I walked for 4 hours and set up camp just before sunset on the banks of the Rangitata, I woke at 6am, packed up and started the walk down the road to the east. I thought at least if I made Mt Sunday (the Lord of The Rings film site) I should be able to hitch a ride with some sight-seers. It took me 2 hours and when I got there; not a car in sight. Ah the pandemic, that’s right.
I kept walking down the road and as I was 100m from the driveway to the Mt Potts Station I saw a 4x4 turning onto the road, I ran to the turn-off waving my arms in the air and they pulled over, turned around and picked me up. It was the station manager’s wife doing the school run! She told me I was lucky to catch her as there was not many cars that drive out here anymore. She drove me down the 40km road and dropped me in Mt Somers on the main road where I started hitching back towards Queenstown.

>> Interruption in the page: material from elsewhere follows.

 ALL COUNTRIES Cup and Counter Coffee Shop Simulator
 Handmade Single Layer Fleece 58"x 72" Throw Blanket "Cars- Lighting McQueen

After a couple of hitches and a few messages from my phone with dwindling battery I managed to find out that the hang glider pilots were flying in Omarama. The plan was to link up with them and at least get a ride back to Cromwell. I arrived in Omarama at 4pm and quickly found John Smith on the air strip at the gliding club, I hadn’t been there 5 minutes and he threw me the keys to Matts Barlow’s truck and sent me on a retrieve out towards the east coast to collect Matt who had landed past Duntroon! I picked up Matt who was fizzing after having a spectacular flight from Magic Mountain over to the Buscot and down the St Marys Range.
We drove back to Omarama, stopped for a beer at Rod’s then Tom and John drove me all the way up the Ahuriri and back to my car! I jumped back in the Lantra and after nearly flooding it crossing a river, I drove all the way back to Queenstown. Climbing into bed at 2am on Friday morning.
I thought about the amount of country I had seen over the last 48 hours, and laughed at the thought of someone finding my bank cards, ID and hiking poles strewn across the side of the Ben Ohaus, what an adventure!
Now for 5 hours sleep before I have to get to work at 10am!